1975 Lalit Mishra Assassination: SC Permits his Grandson to Assist Court in Hearing of Convicts Appeals

Lalit Narayan Mishra

The Supreme Court has granted permission to Vaibhav Mishra, the grandson of former railways minister Lalit Narayan Mishra, who was killed in a blast at Bihar’s Samastipur Railway Station over 48 years ago, to assist the Delhi High Court in the final hearing of appeals by the convicts in the murder case.

Vaibhav Mishra, who is also a lawyer, moved the Supreme Court challenging the Delhi High Court’s February 7 order, which dismissed his plea for a direction to the CBI to conduct a “fair investigation” and “re-investigation.” He alleged that the investigation had been mishandled and sought a re-investigation, claiming that the actual culprits had been discharged, resulting in a miscarriage of justice.

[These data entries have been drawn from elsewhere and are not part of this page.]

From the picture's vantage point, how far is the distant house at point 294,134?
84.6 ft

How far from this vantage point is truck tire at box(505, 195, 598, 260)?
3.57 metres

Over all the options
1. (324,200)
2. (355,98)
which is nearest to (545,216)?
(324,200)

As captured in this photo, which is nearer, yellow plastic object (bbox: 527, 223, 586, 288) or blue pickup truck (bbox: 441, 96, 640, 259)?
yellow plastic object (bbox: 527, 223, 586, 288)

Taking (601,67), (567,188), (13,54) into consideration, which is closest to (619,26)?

The senior Congress leader and former cabinet minister suffered fatal injuries in grenade blasts at Samastipur on January 2, 1975, where he had gone for the inauguration of a Broad Gauge Line. He was later transferred for treatment to Danapur but succumbed to his injuries on January 3, 1975. Along with Mishra, then MLC Surya Narayan Jha and railway clerk Ram Kishore Prasad Singh also died in the blasts.

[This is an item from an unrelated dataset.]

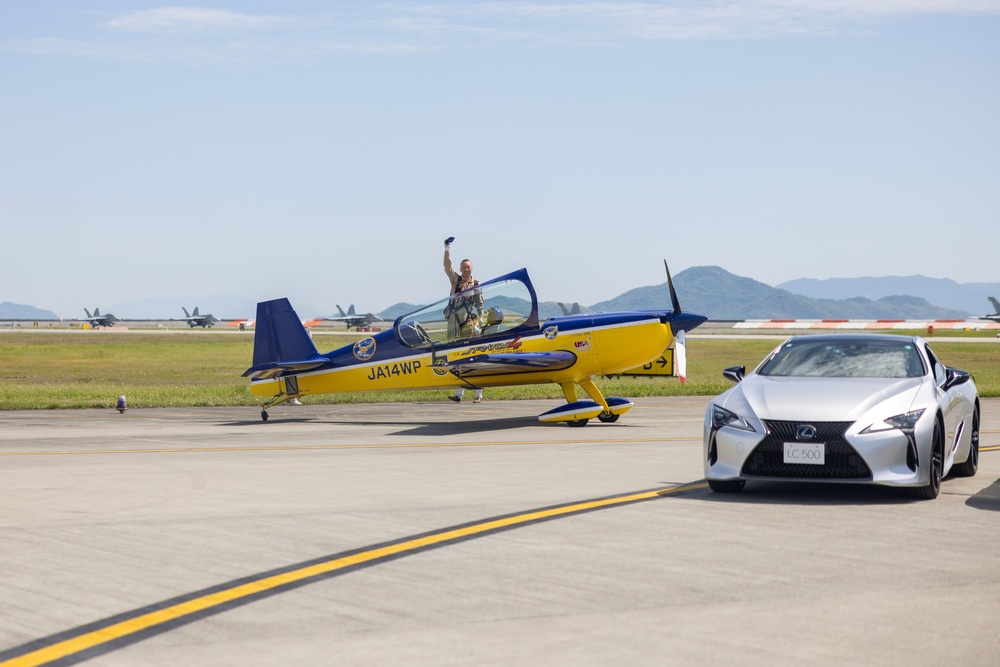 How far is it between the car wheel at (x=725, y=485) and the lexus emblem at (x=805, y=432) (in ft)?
2.34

A bench comprising Justices Surya Kant and Dipankar Datta refused to entertain the plea for a re-investigation but allowed Vaibhav Mishra to assist the Delhi High Court during the final hearing of the criminal appeals filed by the convicts.

The court noted that the nature of the relief sought, the long time that had passed since the incident (January 2, 1975), and the fact that criminal appeals arising from the trial are pending before a division bench of the high court made it inappropriate to grant relief in the present petition.

Vaibhav Mishra had filed two petitions in the high court regarding the case, with the first one filed in 2021 seeking a direction for the CBI to consider his representation for re-investigation. The CBI responded to his representation, stating that the matter was sub judice before the high court, making it legally impermissible to conduct a re-investigation.

Mishra filed a separate petition in 2023 seeking further or re-investigation in the case, which was disposed of on February 7. He alleged that the probe had been mishandled and that the arrested individuals were different from those later identified as the accused.

Three ‘Ananda Margis’ and an advocate were sentenced to life imprisonment in December 2014 by a trial court for the killing of the former railway minister. The trial court had determined that the terrorist act aimed to pressure the then government to release the group’s jailed leader. The convicts filed an appeal in 2015 challenging the trial court’s verdict, and the appeal is still pending in the high court.

The trial court had found three ‘Ananda Margis’ guilty of murdering Mishra and two others and had also directed the Bihar government to pay compensation to the victims’ legal heirs and families of those who were injured in the incident.

The case was transferred from Bihar to Delhi on the Supreme Court’s orders.